Wikipedia article on Skyros pony


Genet Mol Biol. 2011 Jan;34(1):68-76. Epub 2011 Mar 1.

Genetic variability in the Skyros pony and its relationship with other Greek and foreign horse breeds.

Bömcke E, Gengler N, Cothran EG.


In Greece, seven native horse breeds have been identified so far. Among these, the Skyros pony is outstanding through having a distinct phenotype. In the present study, the aim was to assess genetic diversity in this breed, by using different types of genetic loci and available genealogical information. Its relationships with the other Greek, as well as foreign, domestic breeds were also investigated. Through microsatellite and pedigree analysis it appeared that the Skyros presented a similar level of genetic diversity to the other European breeds.
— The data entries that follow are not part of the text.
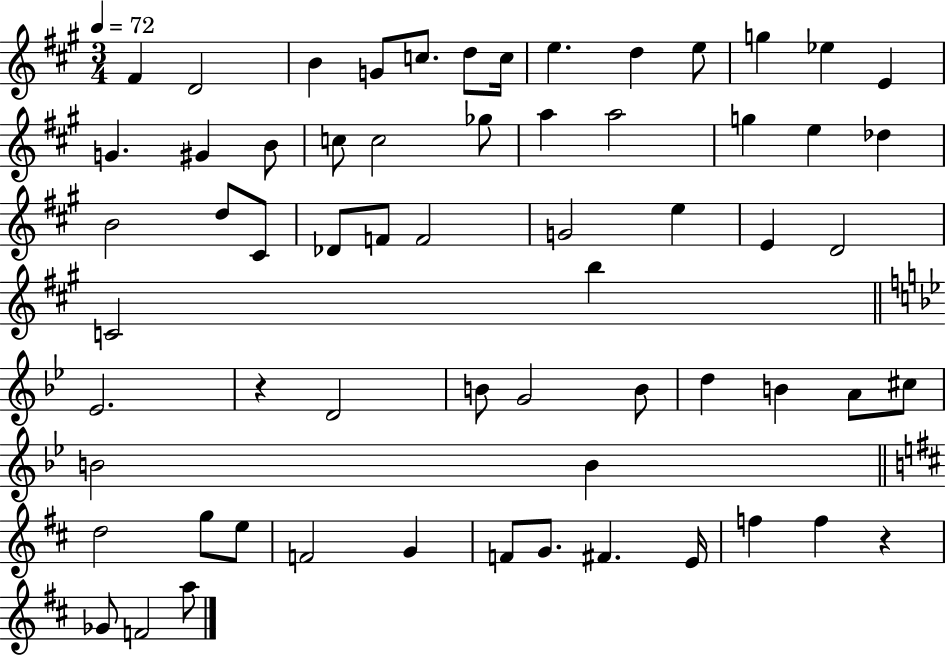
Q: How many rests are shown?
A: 2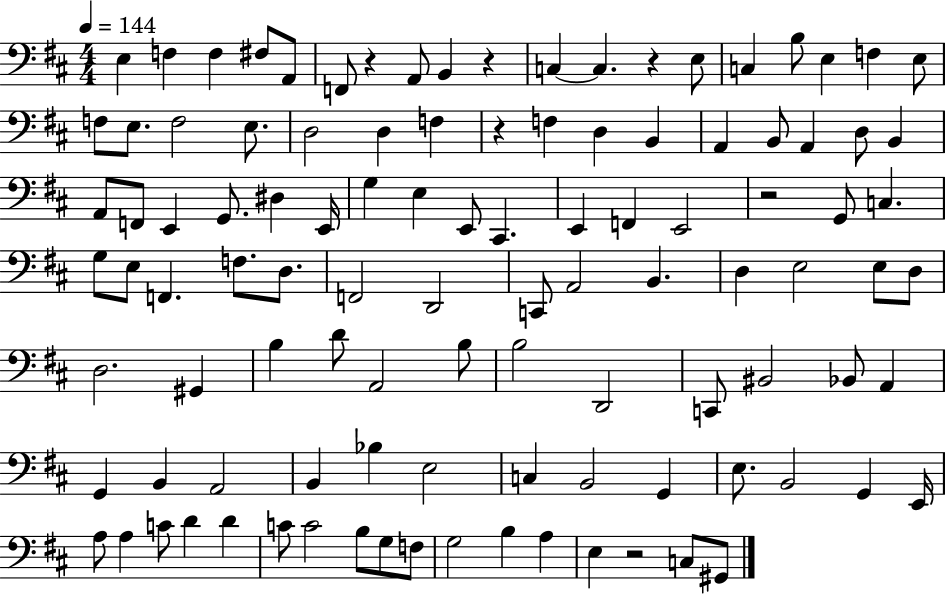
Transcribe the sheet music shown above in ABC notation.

X:1
T:Untitled
M:4/4
L:1/4
K:D
E, F, F, ^F,/2 A,,/2 F,,/2 z A,,/2 B,, z C, C, z E,/2 C, B,/2 E, F, E,/2 F,/2 E,/2 F,2 E,/2 D,2 D, F, z F, D, B,, A,, B,,/2 A,, D,/2 B,, A,,/2 F,,/2 E,, G,,/2 ^D, E,,/4 G, E, E,,/2 ^C,, E,, F,, E,,2 z2 G,,/2 C, G,/2 E,/2 F,, F,/2 D,/2 F,,2 D,,2 C,,/2 A,,2 B,, D, E,2 E,/2 D,/2 D,2 ^G,, B, D/2 A,,2 B,/2 B,2 D,,2 C,,/2 ^B,,2 _B,,/2 A,, G,, B,, A,,2 B,, _B, E,2 C, B,,2 G,, E,/2 B,,2 G,, E,,/4 A,/2 A, C/2 D D C/2 C2 B,/2 G,/2 F,/2 G,2 B, A, E, z2 C,/2 ^G,,/2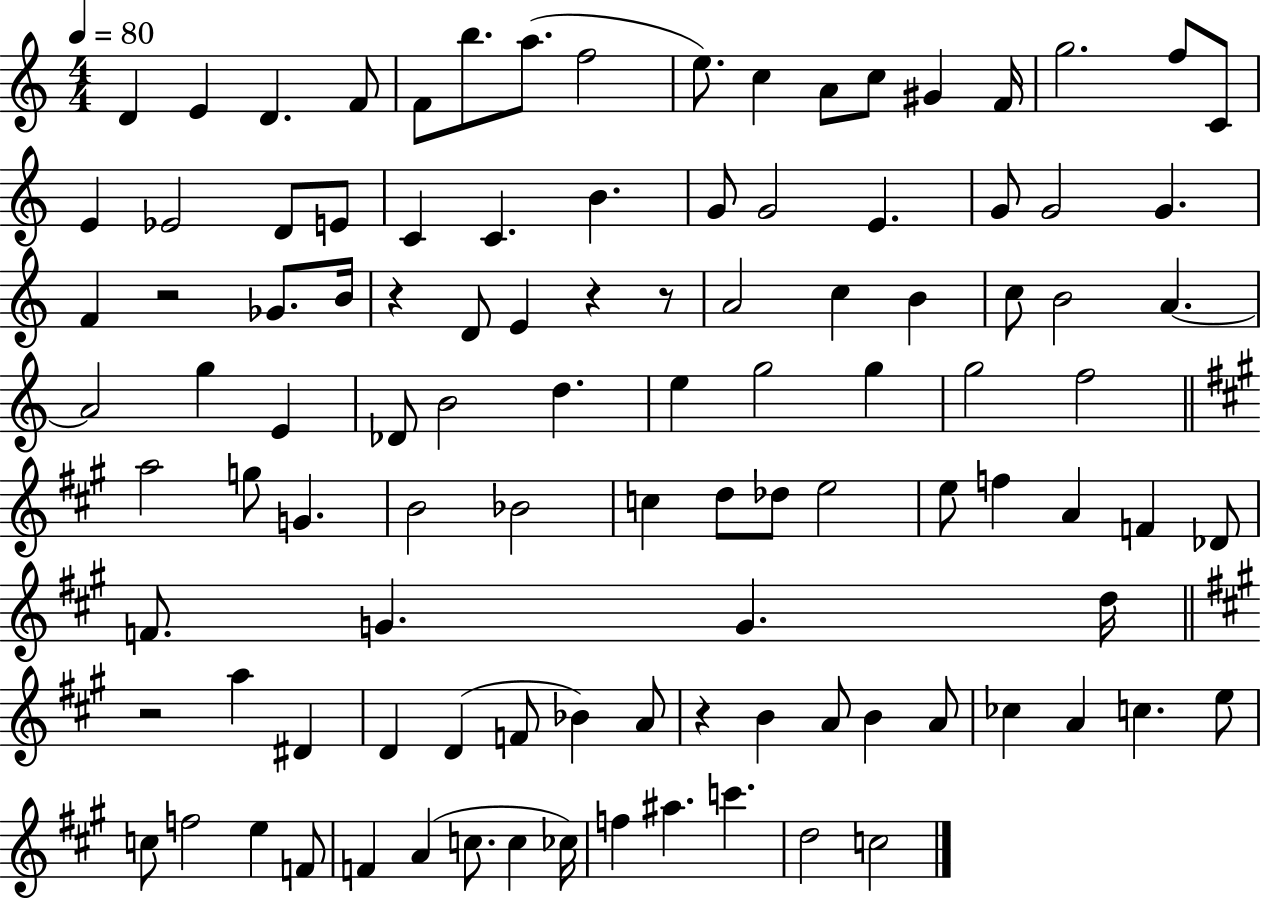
D4/q E4/q D4/q. F4/e F4/e B5/e. A5/e. F5/h E5/e. C5/q A4/e C5/e G#4/q F4/s G5/h. F5/e C4/e E4/q Eb4/h D4/e E4/e C4/q C4/q. B4/q. G4/e G4/h E4/q. G4/e G4/h G4/q. F4/q R/h Gb4/e. B4/s R/q D4/e E4/q R/q R/e A4/h C5/q B4/q C5/e B4/h A4/q. A4/h G5/q E4/q Db4/e B4/h D5/q. E5/q G5/h G5/q G5/h F5/h A5/h G5/e G4/q. B4/h Bb4/h C5/q D5/e Db5/e E5/h E5/e F5/q A4/q F4/q Db4/e F4/e. G4/q. G4/q. D5/s R/h A5/q D#4/q D4/q D4/q F4/e Bb4/q A4/e R/q B4/q A4/e B4/q A4/e CES5/q A4/q C5/q. E5/e C5/e F5/h E5/q F4/e F4/q A4/q C5/e. C5/q CES5/s F5/q A#5/q. C6/q. D5/h C5/h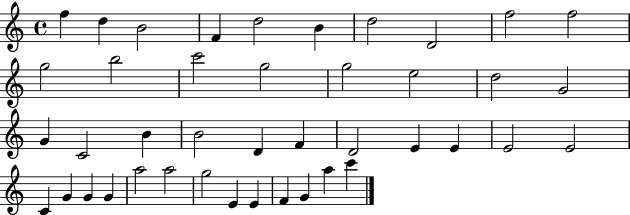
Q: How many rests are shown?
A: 0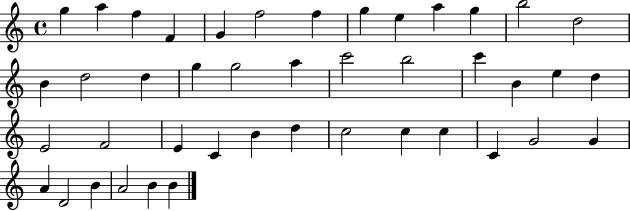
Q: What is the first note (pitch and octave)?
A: G5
Nevertheless, comparisons between DNA-based and pedigree-based results revealed that a loss of genetic diversity had probably already occurred before the beginning of breed registration. Tests indicated the possible existence of a recent bottleneck in two of the three main herds of Skyros pony. Nonetheless, relatively high levels of heterozygosity and Polymorphism Information Content indicated sufficient residual genetic variability, probably useful in planning future strategies for breed conservation. Three other Greek breeds were also analyzed. A comparison of these with domestic breeds elsewhere, revealed the closest relationships to be with the Middle Eastern types, whereas the Skyros itself remained isolated, without any close relationship, whatsoever.



Sean said...

Looks like a Caspian horse.

Charles Nydorf said...

I was going to say a Ukrainian work horse.

pconroy said...

I grew up with many different breeds of horses and ponies, and my father bred horses.

I found this slightly better picture of the Skyros Pony, and based on its markings, is very similar to the Exmoor of England (though this pony is stockier) and also somewhat like the Garrano Pony of Northern Portugal.

All have the classical markings found in the ponies painted in the Lascaux caves, from the Paleolithic.